M&Aでおさえたいポイント
M&Aの企業価値評価(株式価額の算定)
現在の株式価値がわかると、
将来にむけた打ち手が
見えてきます。
会社の価値評価は、「いま自分の会社はいくらの価値があるのか?」を知るためだけのものではありません。
評価を通じて「どのような計算で、この価値になるのか」という算出の仕組みが分かると、M&Aを実行するまでに「どの数字を伸ばせば、会社の価値が上がるのか」という具体的な経営目標が明確になります。また、目標となる株価が見えてくれば、それは将来受け取る対価=ご自身の“M&A後の人生設計”にもつながる数字になります。

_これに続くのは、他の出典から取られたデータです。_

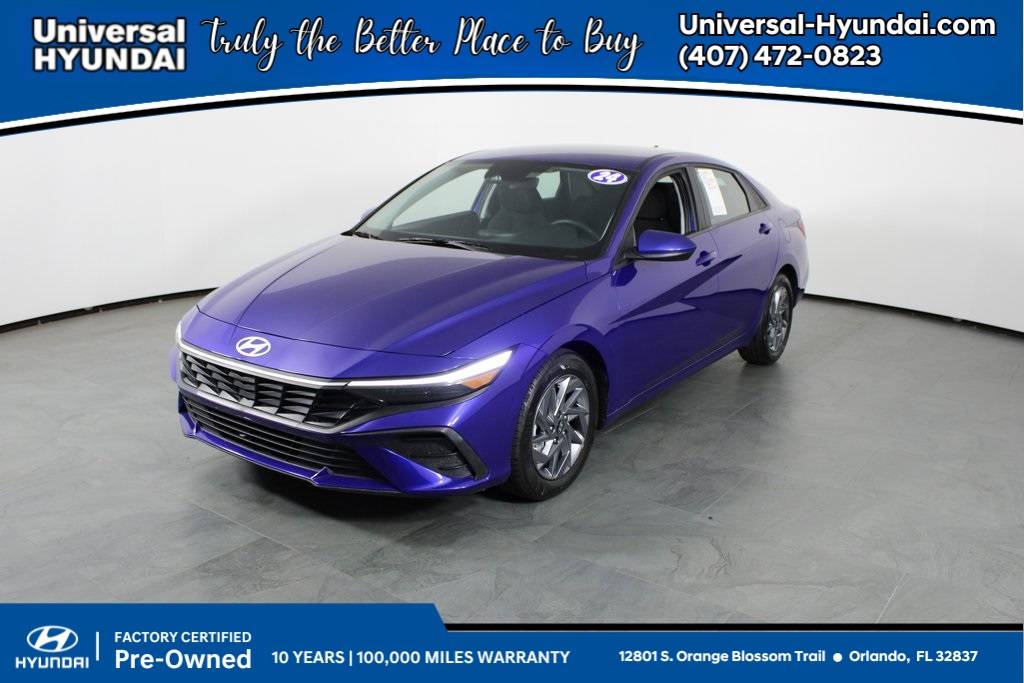 2024 Hyundai Elantra SEL — Sedan — 35,211 mi — Orlando, FL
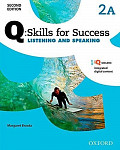 Q Skills for Success Listening and Speaking (2nd Edition) 2 Student Book A with iQ Online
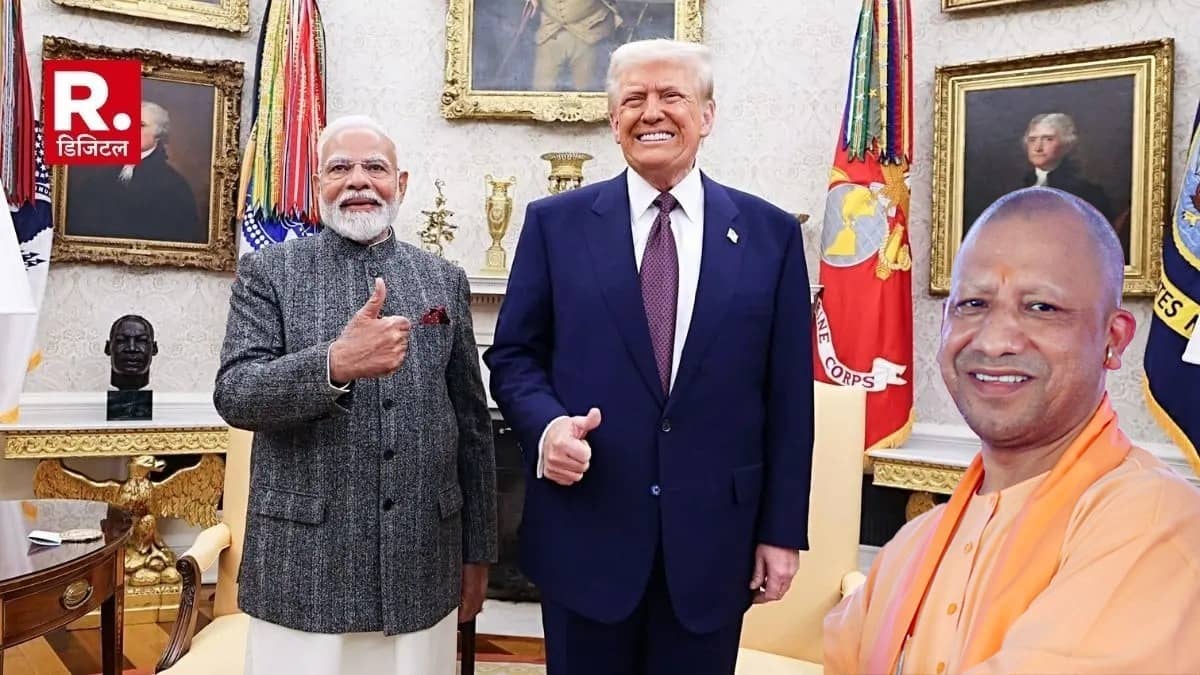 'UP में 2017 से पहले ऐसा कोई शहर नहीं जहां कर्फ्यू न लगा हो...', यूपी फॉर्मा कॉन्क्लेव में बोले CM योगी; जानिए ट्रेड डील पर क्या कहा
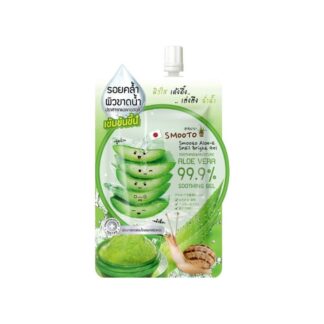 Гель для лица Smooto Aloe-E Snail Bright с улиткой, 50 мл (Smooto Aloe-E Snail Bright Gel 50 ml)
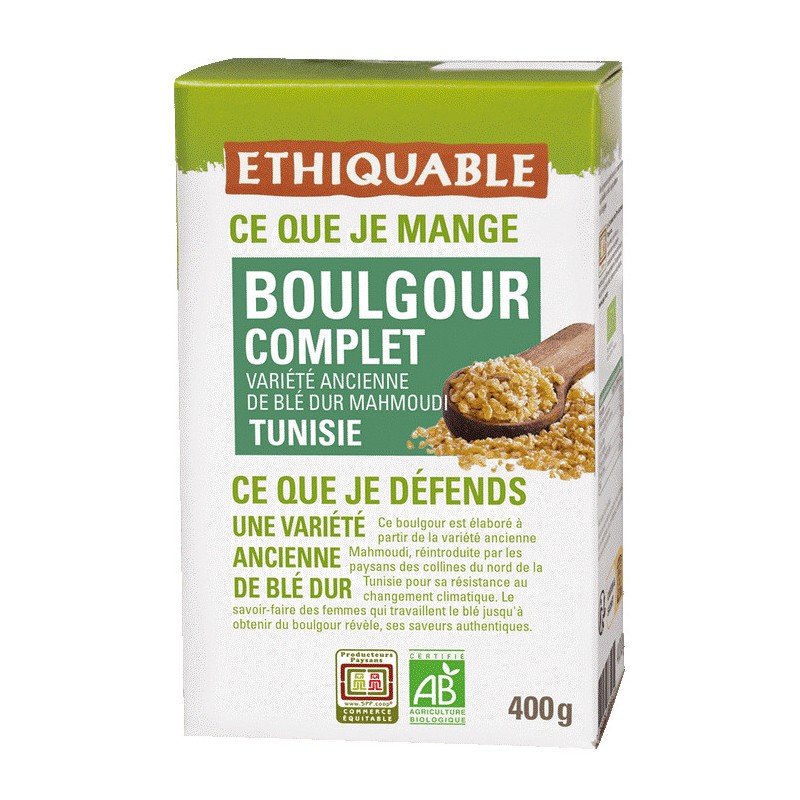 Boulgour Complet de Tunisie bio & équitable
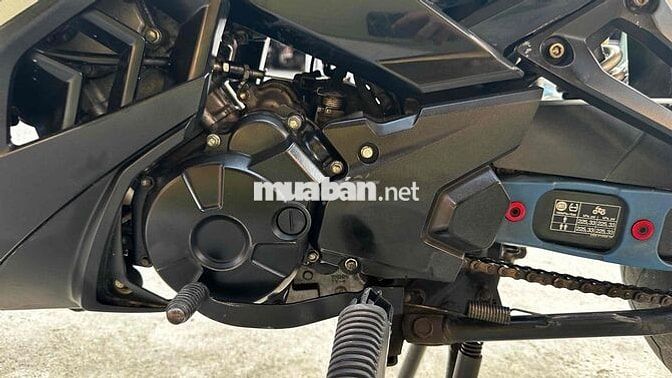 Yamaha Exciter 150 2019 Đen cam ( hỗ trợ góp )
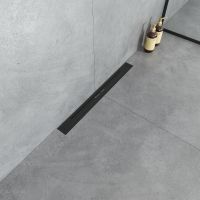 Товар: Душевой лоток Boheme Premium Trendy 60 983-60-B с Черной решеткой - фото 2 Душевой лоток Boheme Premium Trendy 60 983-60-B с Черной решеткой — фото 2, Душевые лотки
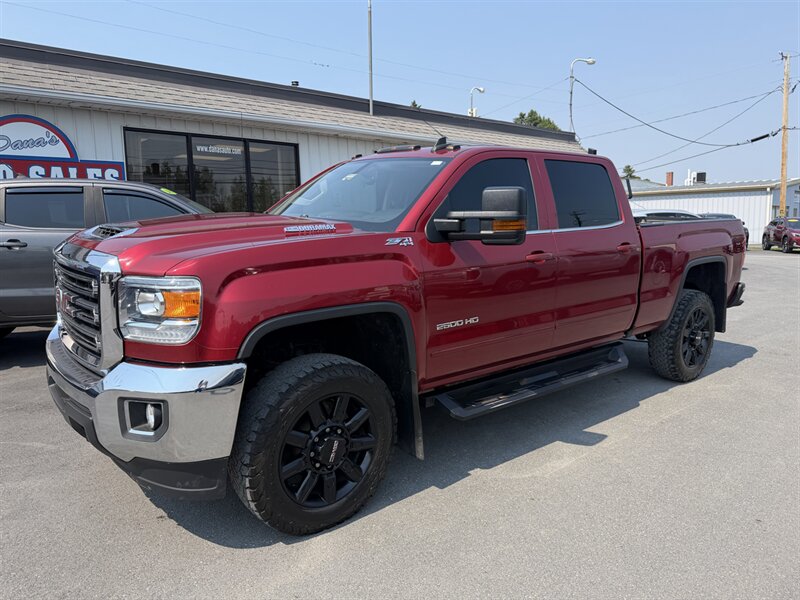 2018 GMC Sierra 2500 SLE  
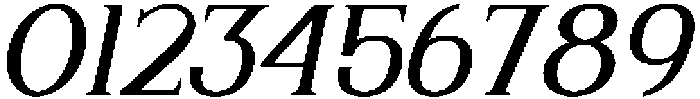 Marvene Italic otf (400) Font OTHER CHARS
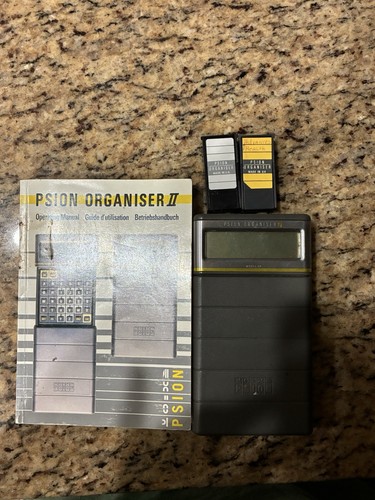 Psion organizer lz64 made - organizer,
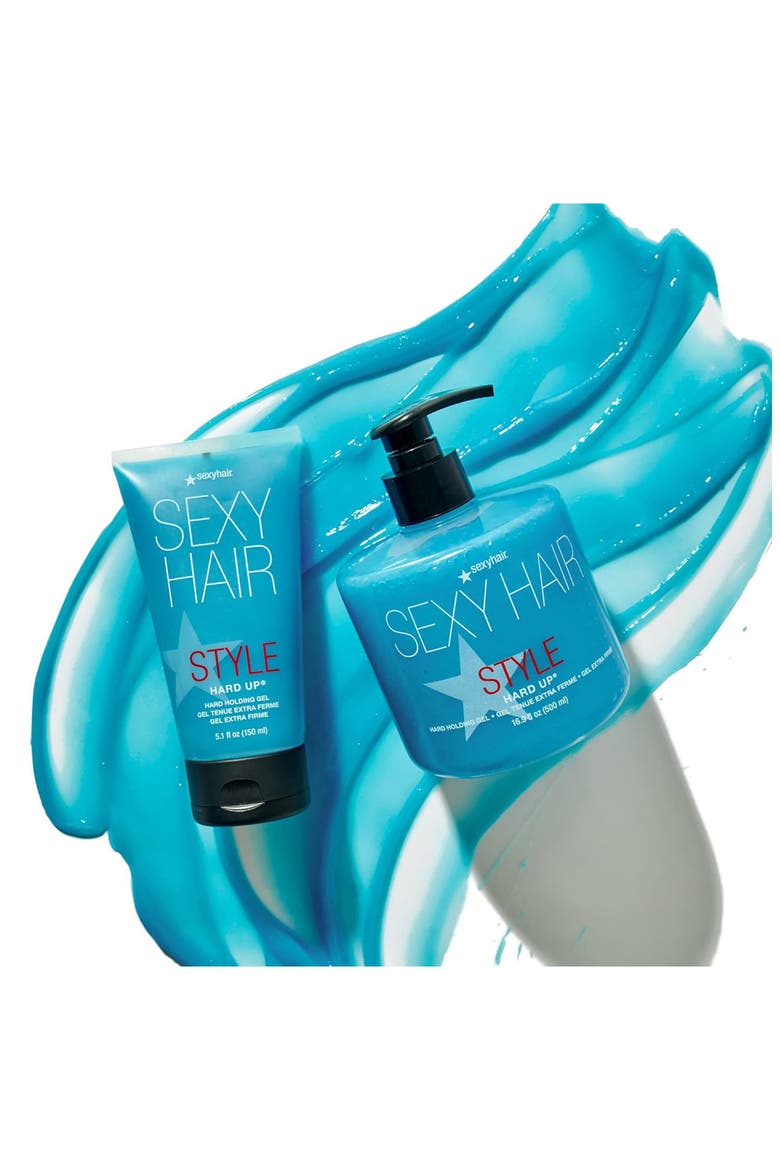Style Sexyhair Hard Up Hard Holding Gel, Alternate, color, NO COLOR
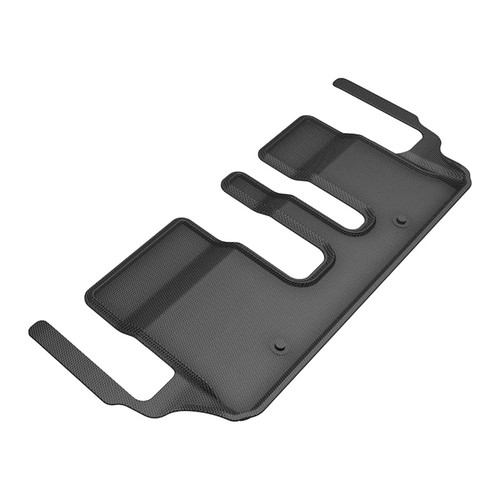 3D MAXpider Kagu 3rd Row Black Floor Mat Set, Kia EV9 7-Seater 2024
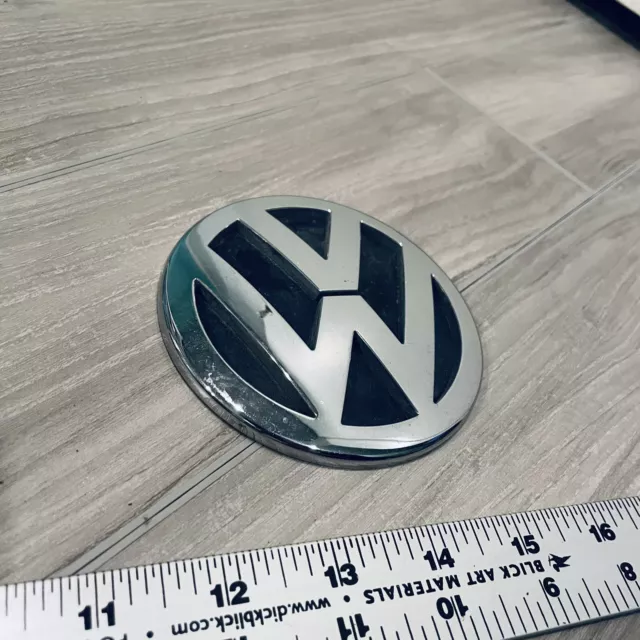 Trunk Emblem Badge Logo 05-10 VW Jetta MK5 Sedan - Genuine - 1K5 853 630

今の価値を知ることは、会社の成長目標とオーナーご自身の未来、その両方のこれからの準備と選択をより現実的に、前向きにしてくれます。M&Aの企業価値評価とは、会社の健康診断書であり、未来への地図を手に入れるようなものといえます。
M&Aの企業価値評価はいつやるべきか
M&Aの「決断」と未来への「準備」。株式価値評価には2つのタイミングがあります。
「会社の価値は、いつ調べるのがもっとも良いのだろう?」多くの経営者が判断に迷う点だと思いますが、有効なタイミングは大きく分けて2つあると私たちは考えています。
1つは、会社売却の検討段階です。この段階では、M&A後の人生設計を考えたり、買い手に提示する希望価格を検討したりするために、会社の「現在価値」を算定します。
もう1つは、将来の事業承継や売却を見据えて、未来の目標を設定するタイミングです。たとえば「3年後に、このくらいの価値で会社を譲りたい」というゴールを定め、そのために今から何をすべきか、具体的な道筋を描くために行います。
会社売却を決断する上でも、準備をする上でも、会社の価値を測ることは自ら機会をつくりだす“第一歩”になり得ます。「事業承継やM&Aを何となく考えているが、具体的に何から始めればいいか迷っている」という方は、ぜひ一度価値評価を試してみて下さい。わかることで、見えてくるものもございます。
株式価値の定期診断について
あの時、価値を調べておけば…。経営者の後悔をなくす、株式価値の定期診断。
人間ドックは、日常生活では意識しづらい数値を把握したり、手遅れになる前に病を早期発見したりする効果があります。会社の株式価値評価も同じで、決算書を眺めるだけではわかりづらい超過収益力(将来の利益をあげる力)を測ったり、事業承継やM&Aの問題を早期発見したりすることに役立ちます。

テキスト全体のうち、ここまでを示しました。